Me: i am very busy…taking care of her.. she is dying soon..
Boss: i understand yr situation.. but u really have to attend the meeting. After the meeting.. i will release u.. Btw.. after u have tend to yr personal issues… i hope that u will put in yr full effort in yr sales…
Me: k…i will…
Brushing away my tears… i went back to her bedside.. Morphine has been injected and she is sleeping peacefully.. I sit beside her and watch out for any groaning from her… Holding her hands… the past memories start to flick back to me…
Me: Open yr eyes… i slowly presented the bouquet of roses to her…
She: Wow so nice… my favourite roses?.. y the roses so small?..
Me: These are baby roses… very cute and sweet… in my eyes..u r always my baby too…
She: Dear… thank you but dun waste money on roses again… have to save up for our marriage mah…
Me: Nope.. anything that can please u is nt really considered a waste…it is worth it..

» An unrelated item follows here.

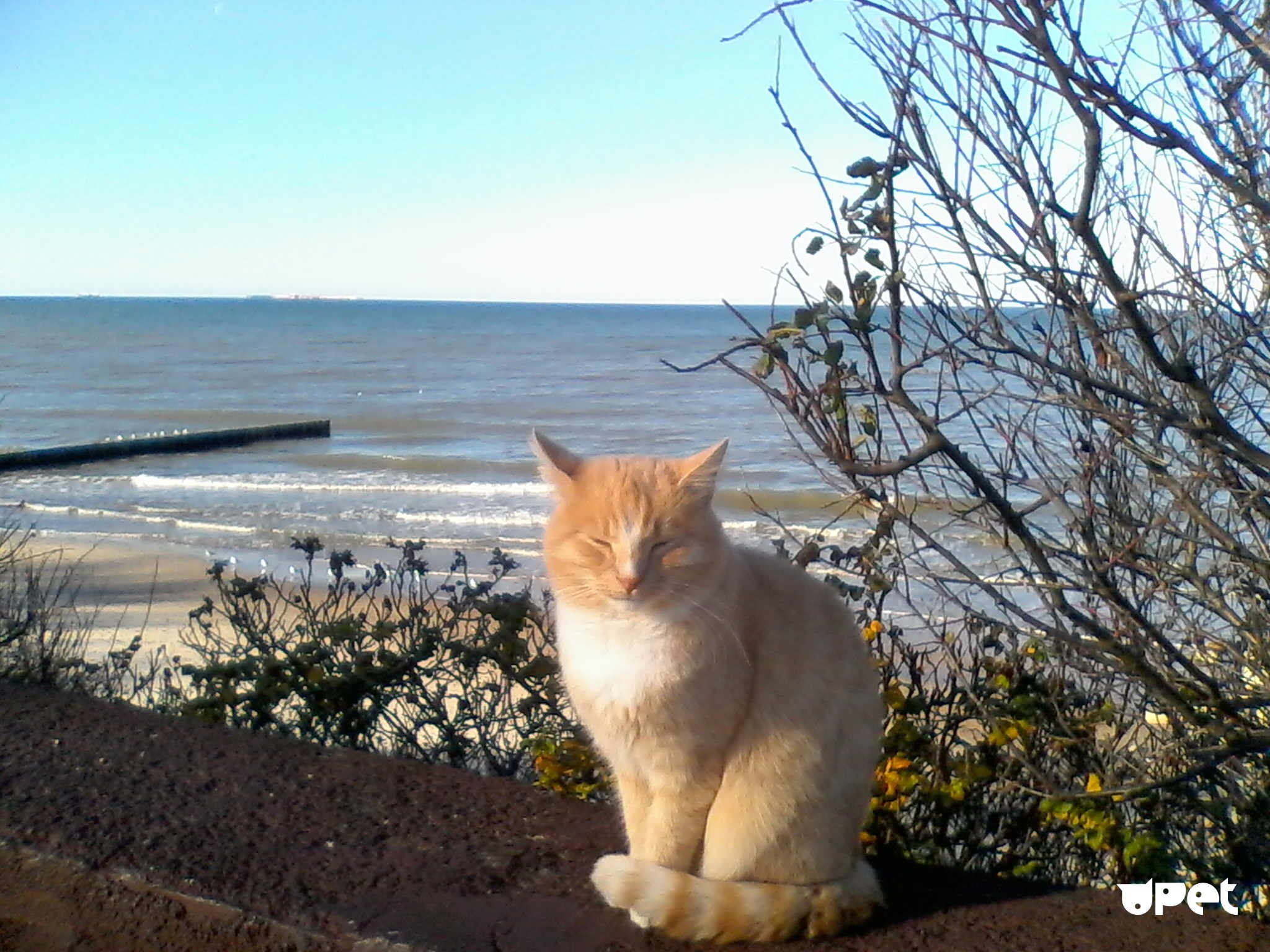 Кот живёт на набережной в Балтийске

She linked her arm in me… and happily we proceed to the discussion of our wedding plans…
She stirred…
Me: r u k?..
She:k…
I then wipe her dry lips wtih a wet cloth as it is very dry..
She: dun leave me…
Me: i will nt leave u… dun worry… u sleep k…
Once she is alseep.. i make a fast trip home to collect my office wear and my stuff as i decided to go back to office straight from the hospital..
Part:6
On the way back to the hospital.. i received a phone call from my collague..
Me: Hello
Shirleen: R u busy?… just called to inform u… 2mr u have to have come back for meeting
Me: i know… though i have a gd mind nt to go back..
Shirleen: Nope… u have to come back.. they r marking u already..
Me: let them mark if they want… when i was making money for the company..
they treat u like kings… now i dun care already… nothing matters more to me than her..
Shirleen: U r really committed to her…
Me: cant tok now… reaching hospital soon…
I managed to buy her favourite roses b4 i visit.. At times.. i really run out of ideas of what flowers to buy for her… My ex love roses and tulips alot… Buying these would cheer her up alot…
She was still sleeping when i reached there.. Her parents is by her side..
Aunite: u r back..
Me: have to collect some stuff… Aunite.. 2mr i have to rush back to office.. but after the meeting.. i will rush back here… 2nite.. i will stay and accompany her..
Aunite: me dunno what to say.. Thank you so much for yr time in taking care of her…
Me: Pls dun say that…
All these while… i am struggling with myself and mentally prepared for the worst… I put my heart and soul in taking care of her… Her parents left for dinner when i am here…
Aunite: Need us to tapo anything for u?..
Me: it is k… thanks cos i am nt hungry..
Aunite: u have to eat something even though u r nt hungry… if nt u would nt have enough strength to take care of her…
Me: k then.. just some sandwiches will do and a cup of coffee please…
I then sat beside her… she has been sleeping soundly ever since under the influence of morphine…
She: Dear…
Me: do u like the roses..
She: Yup… I only want u by my side tonite..
Me: k… i will… knowing that this may be the last nite i can have her by my side and so we really cherish each other…
To be continued…
Conversational stories,
Me: *******
Her: ******
Uncle: *******
Me: *******, etc
Usually bores and irritates the hell out of me. Mainly becos for all I know, they’re but just a story and very difficult to read. Yours, my bro. It seems like you’re really unfolding chapters of your life… glued by it…. but again, I do hope its nothing but a story, something frictional and you’re a master story teller.
This thread - it touches my heart.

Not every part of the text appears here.